Für den FC Bayern steht am Mittwochabend in jedem Fall eine sehr gefährliche Partie an, die eigentlich nur verloren werden kann. Gewinnen die Münchner gegen durchschnittliche Dortmunder, ist alles normal. Verlieren sie, ist ein Wettbewerb bereits gelaufen und man gibt dem BVB trotz durchwachsener Hinrunde ein gutes Gefühl für die Winterpause.

Die Borussia hat sich in den ersten beiden Spielen unter Peter Stöger Selbstvertrauen zurückgeholt und wird mit positiven Gefühlen nach München reisen. Auf der anderen Seite stehen beim FC Bayern zuletzt zwar gute Ergebnisse, doch die Leistungen waren eher uninspiriert und behäbig.

Trotzdem sind sie klarer Favorit. Wie 2015, als sie nach dominanter Leistung im Elfmeterschießen ausschieden und der BVB gar nicht wusste, wie sie gewannen. Oder wie in der letzten Saison, als Bayern auf der Siegerstraße war und plötzlich aufhörte, Fußball zu spielen.

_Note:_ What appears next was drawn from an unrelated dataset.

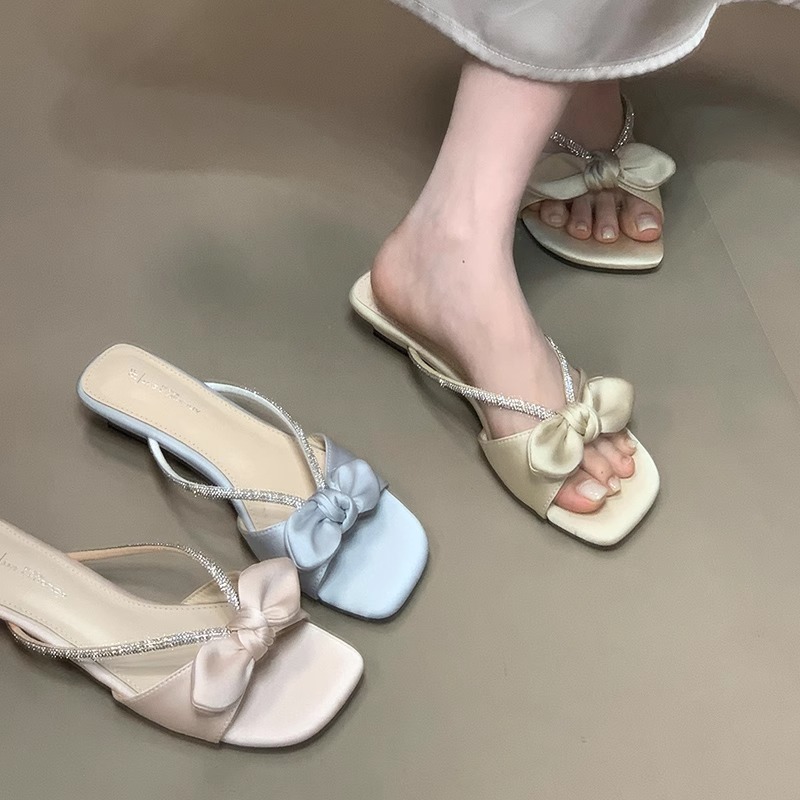 品牌法式绝美凉拖鞋女夏外穿2025新款蝴蝶结水钻一字拖仙女风沙滩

Das darf im letzten Heimspiel des Kalenderjahres 2017 nicht passieren. Egal wie der Spielstand ist und egal ob es zuletzt spielerisch nicht lief: am Mittwochabend brauchen die Bayern noch mal 90 Minuten ihres aktuell besten Jupp-Heynckes-Fußballs. Nur dann wird der Herbstmeister auch ohne Verlängerung, Elfmeterschießen oder Enttäuschung den Rasen der Allianz Arena verlassen können. Denn die fußballerisch bessere Mannschaft kommt im direkten Vergleich so deutlich aus München wie schon lange nicht mehr.

Fantipp

Im Fantipp tippt einer unserer Leser den Spielausgang. Für den richtigen Tipp gibt es drei Punkte und für die richtige Tendenz (Sieg, Unentschieden, Niederlage) einen Punkt. Verglichen wird dies dann mit einem Tipp aus der Miasanrot-Redaktion. Am Ende der Saison wird sich zeigen, ob die eingeladenen Fans mehr Punkte erreicht haben, als die Redaktion.

Ich war nah dran, aber das zweite Tor wollte nicht fallen. So kriegen beide von letzter Woche einen Punkt und es steht 26:17 für die Miasanrot-Redaktion.

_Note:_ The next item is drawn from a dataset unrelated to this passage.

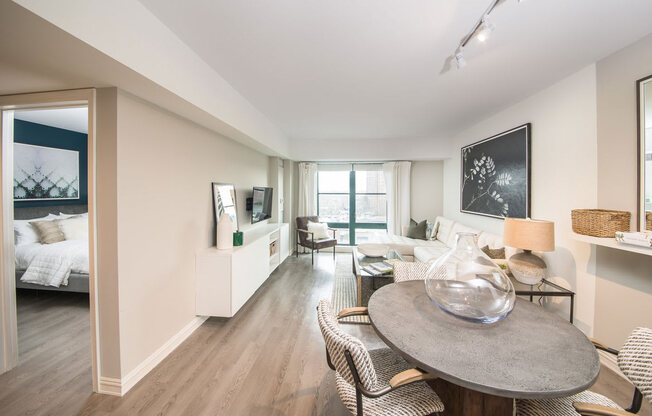 cambridge park apartment bedroom and dining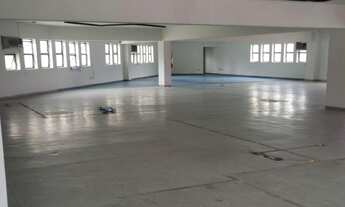 Imagem 5: Lindo salão amplo com ponto de ônibus na frente na eiras garciaFL55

In dieser Woche habe ich mir den Fan mal wieder auf Twitter rausgesucht. Maurice reagierte am schnellsten und ist somit heute unser Gast. Er ist BVB-Fan und Redakteur bei schwatzgelb.de.

Maurice: Durch das Drehen an kleinen Stellschrauben konnte Stöger den BVB in der Defensive relativ stabilisieren. Die Offensive der Bayern wird allerdings längst nicht so viele Chancen wie die TSG Hoffenheim auslassen. Es dürfte kein Kantersieg werden, aber die Bayern werden sich souverän durchsetzen und der BVB darf endlich in die Winterpause gehen. Mein Tipp: 3-0.

Justin: Die Bayern kommen behäbig ins Spiel und Dortmund geht vielleicht sogar in Führung. Allerdings kann auch Stöger die Defensivschwächen des BVB nicht gänzlich kaschieren – erst recht nicht in München. Deshalb werden die Bayern im Laufe der Partie zu einigen Chancen kommen und letztendlich souverän mit 3:1 gewinnen.